US inflation declined on a month-on-month basis for the first time since the pandemic, providing further evidence that the economy is cooling. This factor is forcing the Fed to cut the federal funds rate. Let’s discuss this topic and make a trading plan for the EURUSD pair.
The article covers the following subjects:
Highlights and key points
- Slowing US inflation has raised September cut odds to 93%.
- The market sees three Fed rate cuts in 2024.
- Slumping stock indices hampered the EURUSD’s rise.
- The euro may soar to 1.1-1.11.
Monthly US dollar fundamental forecast
Markets have digested the US economic data. Against the fresh statistics, the Fed may cut the federal funds rate in September. After a slowdown in the labor market and inflation in June, the odds of a monetary expansion starting in early fall have jumped to 93%. Treasury yields and the US dollar tumbled, and it was only the sell-off in tech stocks to reallocate the portfolio in favor of other securities that prevented the EURUSD pair from settling at 1.09.
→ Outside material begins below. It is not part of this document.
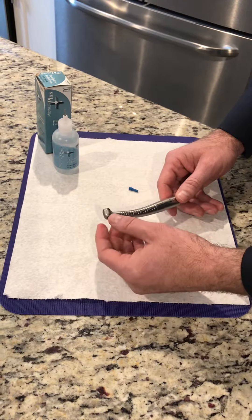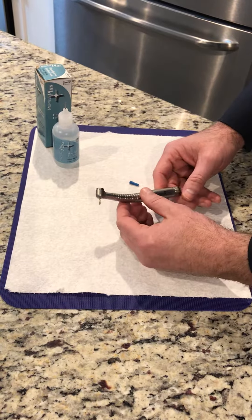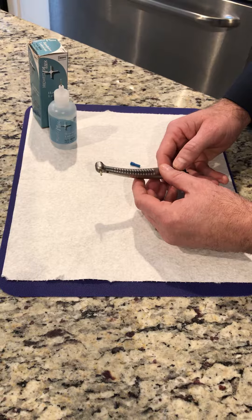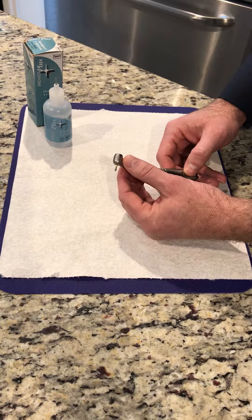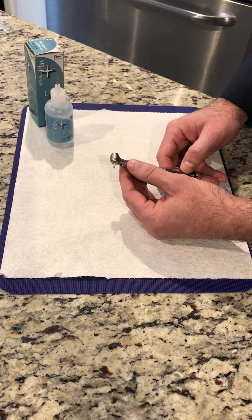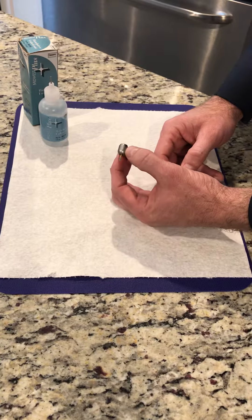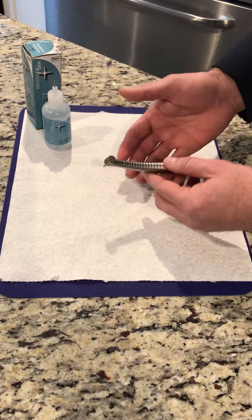Every once in a while you'll have a burr stick in an older handpiece, or sometimes even a new handpiece. One of the quickest ways to get the burr out is to use a technique where you're going to release it from the chuck. Sometimes when we put a lot of load or pressure on a burr, it can do a very quick pseudo-weld inside the head, but we can release that with the push button.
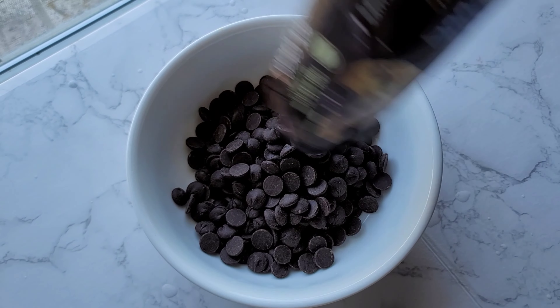Now let's fold the whipped cream into the chocolate mixture. You don't want to do this step ahead of time because the cold whipped cream will set the gelatin. Try not to over mix it. Let's add it in. Freeze the cake for at least 3 hours, then transfer to the refrigerator for 1 hour.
According to Jerome Powell, the Fed does not need to see inflation fall towards the 2% target. If you wait that long, you will probably wait too long. The Fed chairman called the May CPI and PCE reports good; the June one was even better. Consumer prices went negative month-over-month for the first time since the pandemic and marked the smallest annualized increase of 3% since March 2021. Only 4 out of 71 Bloomberg experts predicted that core inflation would grow by 0.1% on a monthly basis, while the rest expected higher figures.
US inflation change
Source: Wall Street Journal.
The June report is the last one before the FOMC meeting on July 30-31. It gives grounds for the central bank to signal the start of the monetary easing in September. Cooling inflation has brought back into play the option of three federal funds rate cuts in 2024 at the last three Fed meetings. This is certainly not the six acts of monetary expansion the market hoped for at the beginning of the year, but it is enough to trigger a US dollar sell-off.
Market expectations on Fed rate
Source: Bloomberg.
The September cut will definitely occur. If US inflation continues to slide, the Fed will respond to the market’s calls and reduce the cost of borrowing to 5% or 4.75%. If not, it will keep the rate unchanged, supporting the greenback.
The slowdown in consumer price growth in June was not the final nail in the US dollar’s coffin. HSBC believes the greenback will end 2025 at roughly the same levels it is now, as the US economy will continue to outperform its global counterparts, and the advantage of Treasury yields will persist even if the Fed cuts rates this year. The company believes the US dollar will not be able to escape the embrace of American exceptionalism, but whether the rest of the world can catch up is the big question.
Monthly EURUSD trading plan
The EURUSD pair may continue to rally towards 1.1-1.11 in the short term, but the growing risks of Donald Trump’s return to the White House with his pro-inflationary policies will allow bears to push the price lower. Against this backdrop, one can keep long trades open and initiate more at 1.071-1.072 and 1.0835.